How to detect if my shell script is running through a pipe?


How do I detect from within a shell script if its standard output is being sent to a terminal or if it's piped to another process?

The case in point: I'd like to add escape codes to colorize output, but only when run interactively, but not when piped, similar to what ls --color does.

6/8/2018 12:21:03 PM

Accepted Answer

In a pure POSIX shell,

if [ -t 1 ] ; then echo terminal; else echo "not a terminal"; fi

returns "terminal", because the output is sent to your terminal, whereas

(if [ -t 1 ] ; then echo terminal; else echo "not a terminal"; fi) | cat

returns "not a terminal", because the output of the parenthetic is piped to cat.

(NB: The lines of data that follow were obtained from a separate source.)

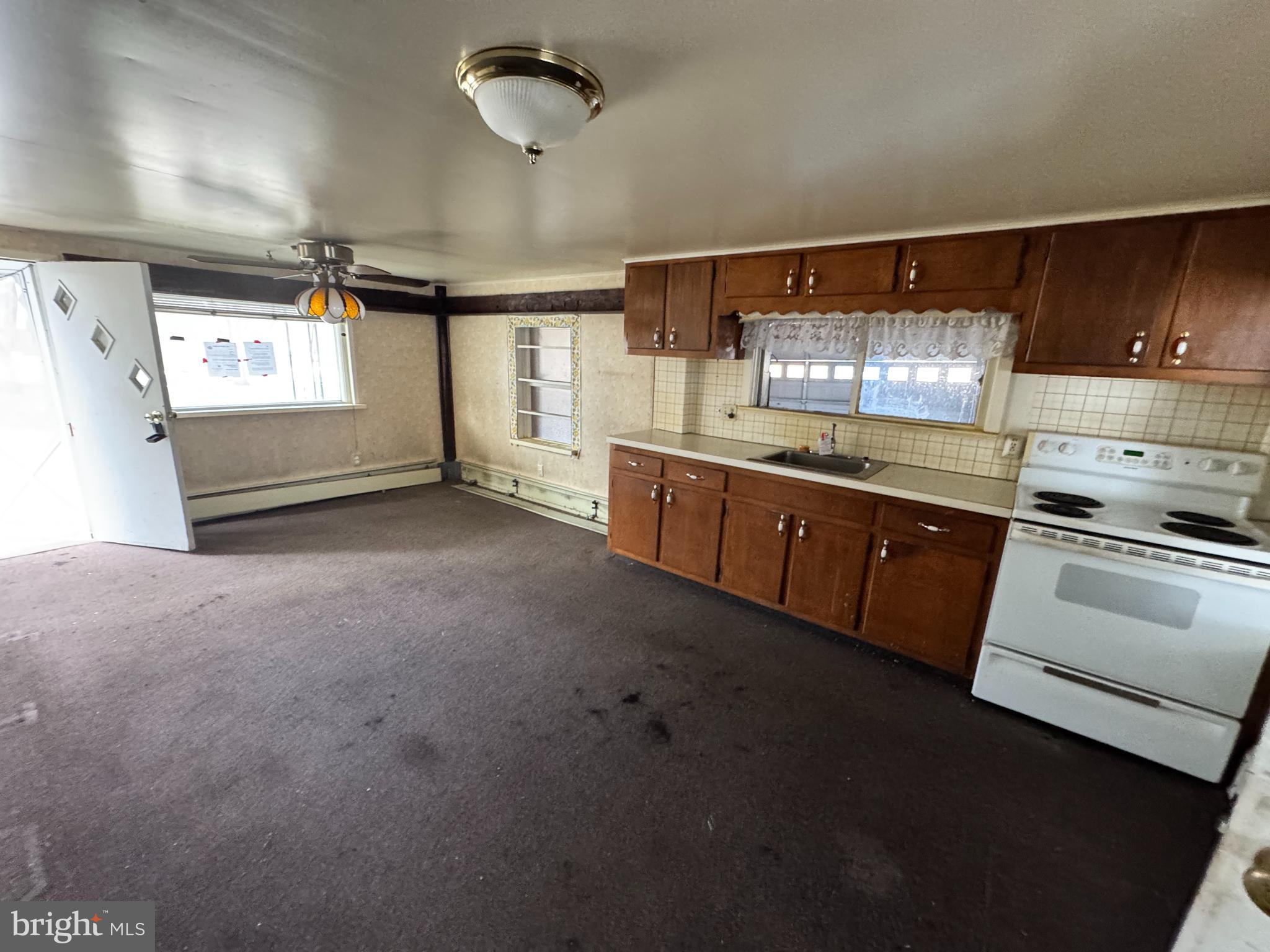 3372 Turkey Hill Road Stroudsburg, PA 18360 - Photo 10 of 18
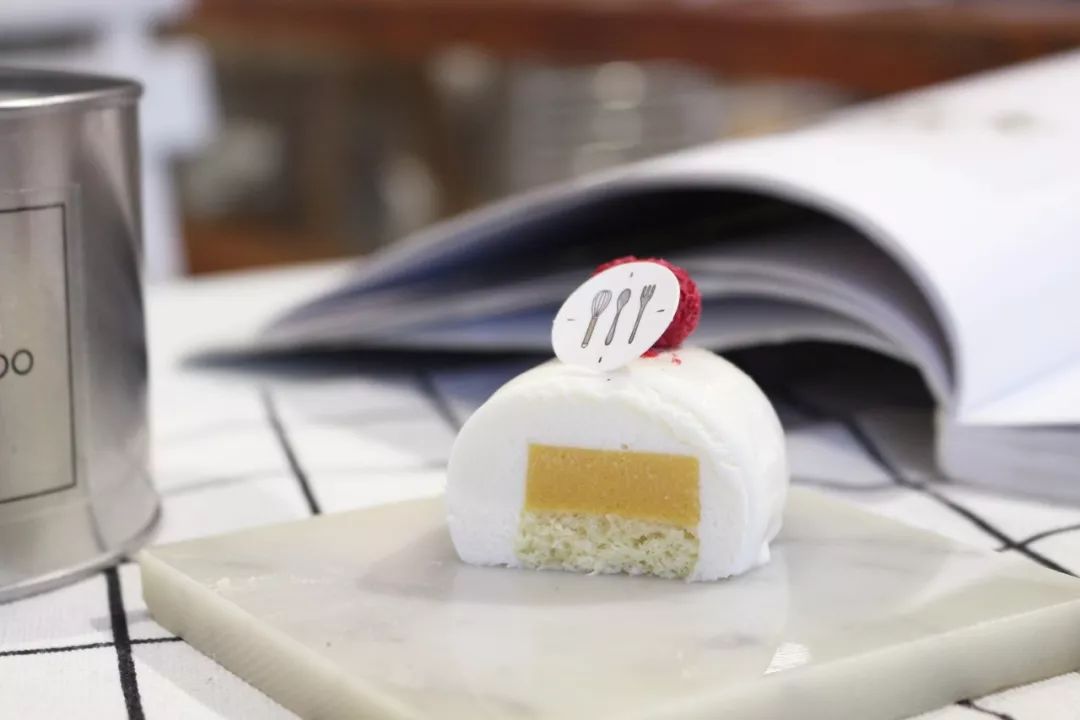 这个上过《十二道锋味》的台州姑娘，在钱江新城开了间“甜品补给站”!生活那么苦，加点糖吧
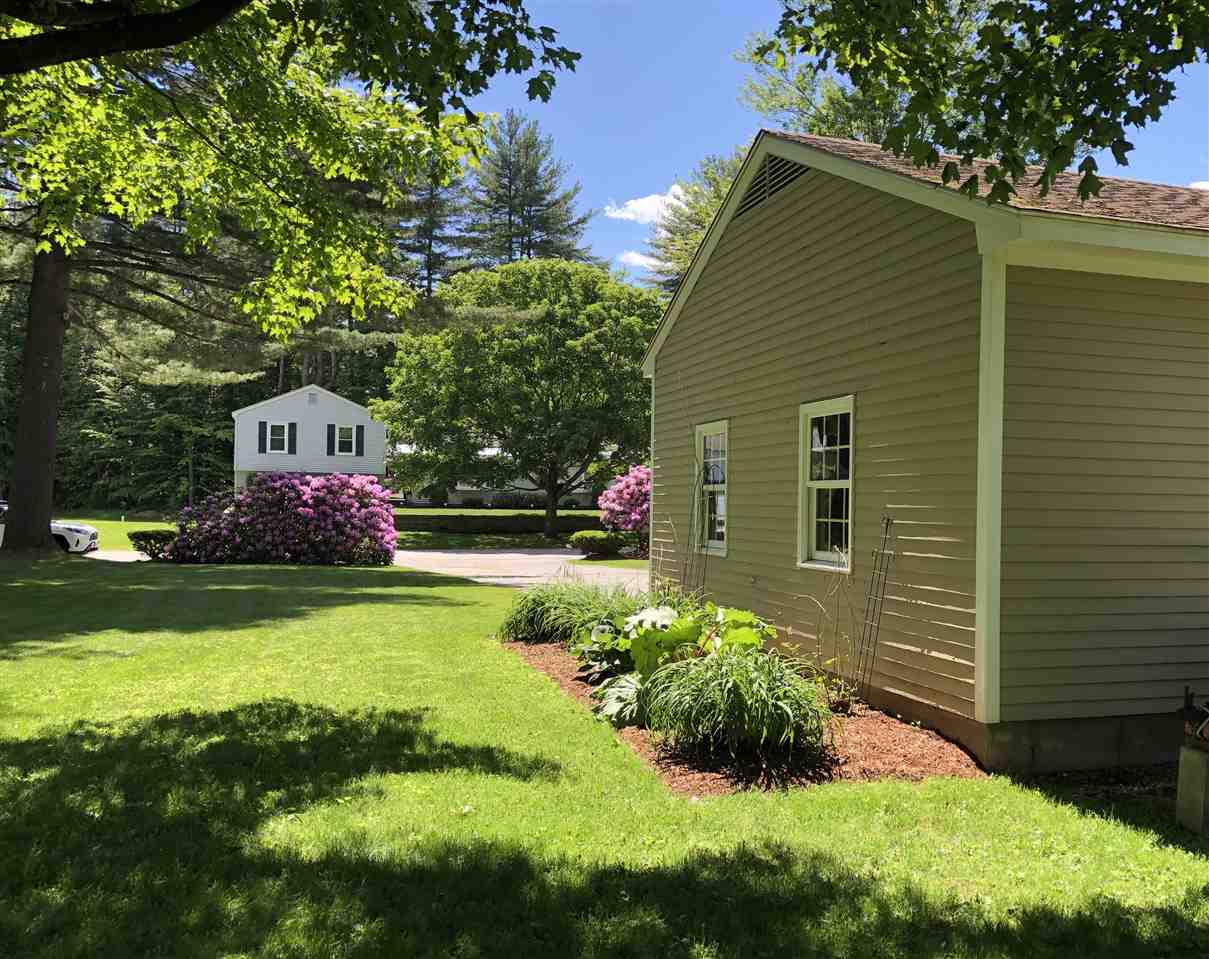 11 Benton Road Keene, NH 03431 - Photo 3 of 33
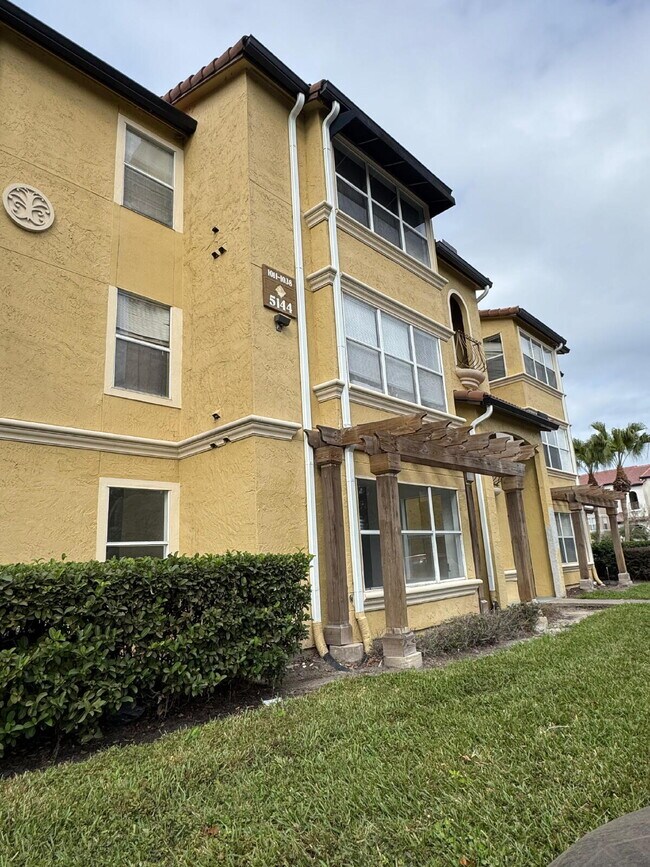 Building Photo - 2-Bed, 2-Bath in the Heart of Orlando Unit #1014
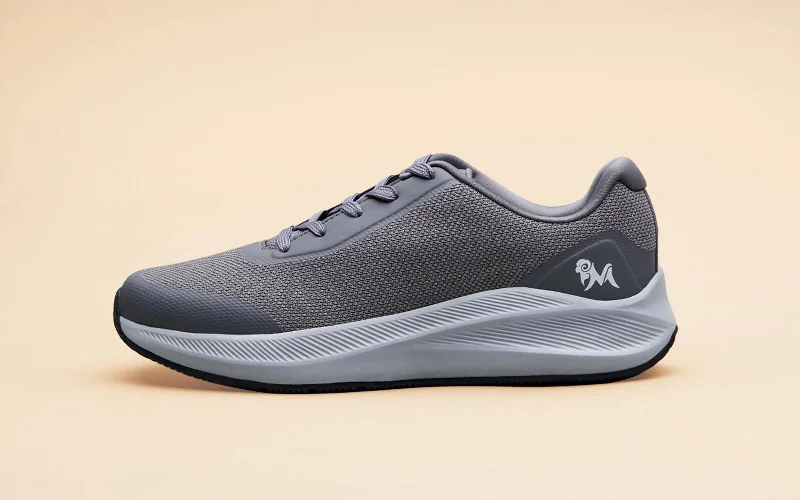 Athletic shoes with thick midsoles-Casual Trainers : Classic Grey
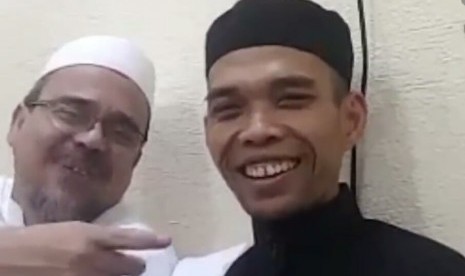 Habib Rizieq Shihab dan Ustaz Abdul Somad saat bertemu di Makkah 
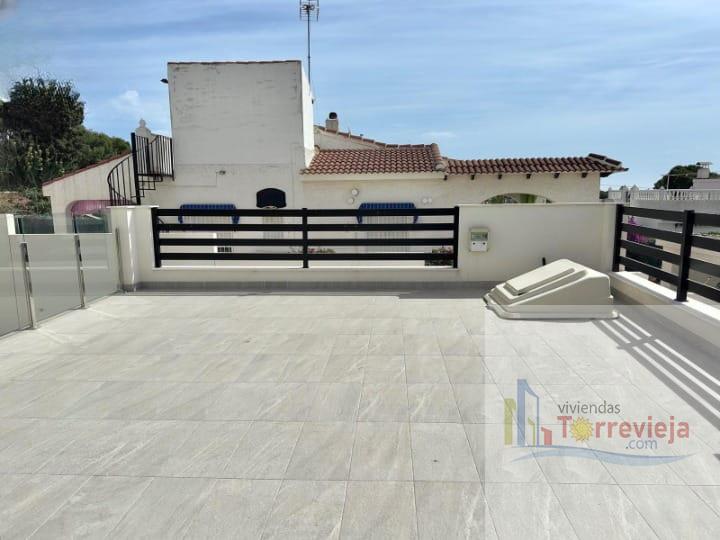 For sale of villa in Torrevieja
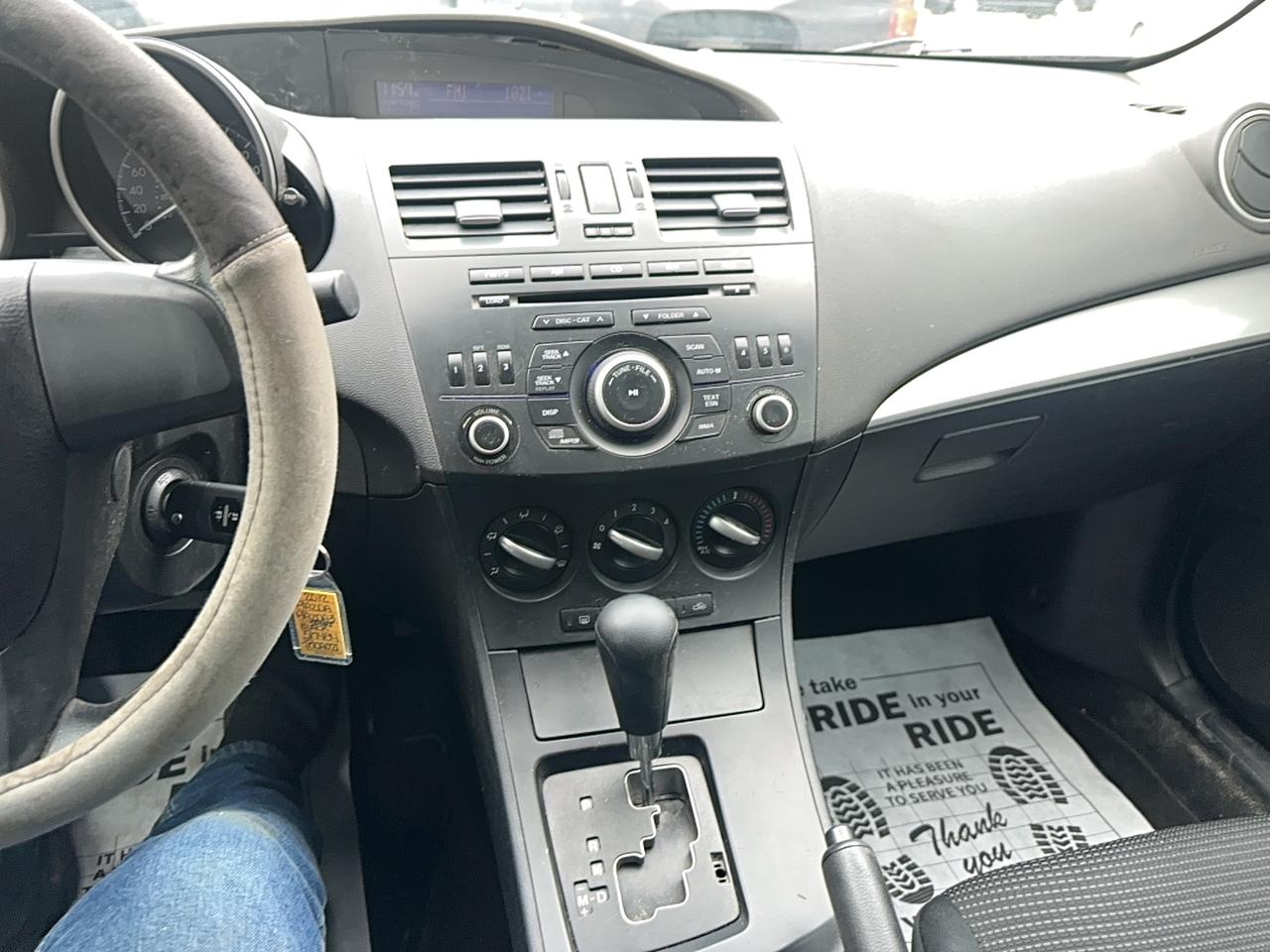 2012 Mazda MAZDA3 GX Photo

The -t flag is described in man pages as

-t fd True if file descriptor fd is open and refers to a terminal.

... where fd can be one of the usual file descriptor assignments:

0:     stdin  
1:     stdout  
2:     stderr
6/8/2018 12:21:41 PM

There is no foolproof way to determine if STDIN, STDOUT, or STDERR are being piped to/from your script, primarily because of programs like ssh.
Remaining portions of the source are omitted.